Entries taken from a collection
···

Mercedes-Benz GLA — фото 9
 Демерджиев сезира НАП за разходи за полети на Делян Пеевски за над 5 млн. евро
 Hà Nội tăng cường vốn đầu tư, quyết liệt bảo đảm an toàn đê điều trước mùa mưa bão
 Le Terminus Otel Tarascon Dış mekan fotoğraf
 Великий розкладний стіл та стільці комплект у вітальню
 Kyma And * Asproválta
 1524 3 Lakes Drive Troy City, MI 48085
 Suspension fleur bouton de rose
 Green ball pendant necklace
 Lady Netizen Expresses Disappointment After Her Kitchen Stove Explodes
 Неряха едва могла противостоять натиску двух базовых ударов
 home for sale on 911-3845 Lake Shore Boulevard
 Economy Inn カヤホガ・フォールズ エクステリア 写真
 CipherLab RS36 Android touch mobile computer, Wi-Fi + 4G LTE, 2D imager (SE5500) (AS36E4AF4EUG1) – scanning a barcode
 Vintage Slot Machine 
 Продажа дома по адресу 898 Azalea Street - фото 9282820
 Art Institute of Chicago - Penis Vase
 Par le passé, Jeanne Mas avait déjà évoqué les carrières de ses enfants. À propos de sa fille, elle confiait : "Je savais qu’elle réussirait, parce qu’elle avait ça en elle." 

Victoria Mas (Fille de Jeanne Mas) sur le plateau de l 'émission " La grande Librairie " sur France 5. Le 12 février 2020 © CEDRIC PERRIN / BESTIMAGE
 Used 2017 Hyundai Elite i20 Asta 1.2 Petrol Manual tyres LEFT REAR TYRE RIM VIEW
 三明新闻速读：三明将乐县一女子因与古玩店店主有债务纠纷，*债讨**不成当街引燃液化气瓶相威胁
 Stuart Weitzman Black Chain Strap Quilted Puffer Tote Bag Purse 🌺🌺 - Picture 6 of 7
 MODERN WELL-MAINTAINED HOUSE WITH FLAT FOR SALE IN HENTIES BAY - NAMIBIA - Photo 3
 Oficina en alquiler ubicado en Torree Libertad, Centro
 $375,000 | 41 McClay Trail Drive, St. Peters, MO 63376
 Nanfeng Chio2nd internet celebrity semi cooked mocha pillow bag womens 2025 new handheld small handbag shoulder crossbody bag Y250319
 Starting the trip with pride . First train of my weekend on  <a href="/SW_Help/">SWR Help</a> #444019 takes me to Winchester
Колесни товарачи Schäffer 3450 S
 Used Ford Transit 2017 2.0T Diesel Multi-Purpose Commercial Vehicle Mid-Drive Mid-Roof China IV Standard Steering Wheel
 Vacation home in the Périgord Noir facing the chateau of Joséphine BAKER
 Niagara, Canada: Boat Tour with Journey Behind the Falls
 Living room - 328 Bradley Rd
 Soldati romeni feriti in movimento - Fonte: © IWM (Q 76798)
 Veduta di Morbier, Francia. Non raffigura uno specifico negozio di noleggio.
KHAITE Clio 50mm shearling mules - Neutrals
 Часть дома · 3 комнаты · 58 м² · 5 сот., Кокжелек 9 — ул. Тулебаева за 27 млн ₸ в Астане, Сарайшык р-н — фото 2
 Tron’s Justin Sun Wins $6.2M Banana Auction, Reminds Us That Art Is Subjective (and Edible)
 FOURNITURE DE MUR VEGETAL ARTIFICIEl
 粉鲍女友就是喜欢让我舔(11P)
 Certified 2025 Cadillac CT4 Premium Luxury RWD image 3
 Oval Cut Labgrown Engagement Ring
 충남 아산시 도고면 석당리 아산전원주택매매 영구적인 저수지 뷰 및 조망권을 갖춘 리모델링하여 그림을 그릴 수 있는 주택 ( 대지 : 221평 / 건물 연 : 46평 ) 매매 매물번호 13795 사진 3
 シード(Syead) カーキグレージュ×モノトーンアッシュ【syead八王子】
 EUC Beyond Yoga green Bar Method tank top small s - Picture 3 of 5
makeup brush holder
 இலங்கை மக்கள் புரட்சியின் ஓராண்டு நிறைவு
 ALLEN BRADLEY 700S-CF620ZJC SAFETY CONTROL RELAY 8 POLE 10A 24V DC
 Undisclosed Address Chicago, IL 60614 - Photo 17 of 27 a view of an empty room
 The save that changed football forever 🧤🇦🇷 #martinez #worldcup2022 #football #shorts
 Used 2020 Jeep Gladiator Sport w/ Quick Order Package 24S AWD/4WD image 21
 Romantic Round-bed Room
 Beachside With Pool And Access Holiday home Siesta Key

···

[DESCRIPTION OF THE TASK] Given the records above, return exactly the lines starting at the line containing "1524 3 Lakes Drive Troy City, MI 48085" and ending at the line containing "home for sale", including both.

[RESULT OF THE EXERCISE]
 1524 3 Lakes Drive Troy City, MI 48085
 Suspension fleur bouton de rose
 Green ball pendant necklace
 Lady Netizen Expresses Disappointment After Her Kitchen Stove Explodes
 Неряха едва могла противостоять натиску двух базовых ударов
 home for sale on 911-3845 Lake Shore Boulevard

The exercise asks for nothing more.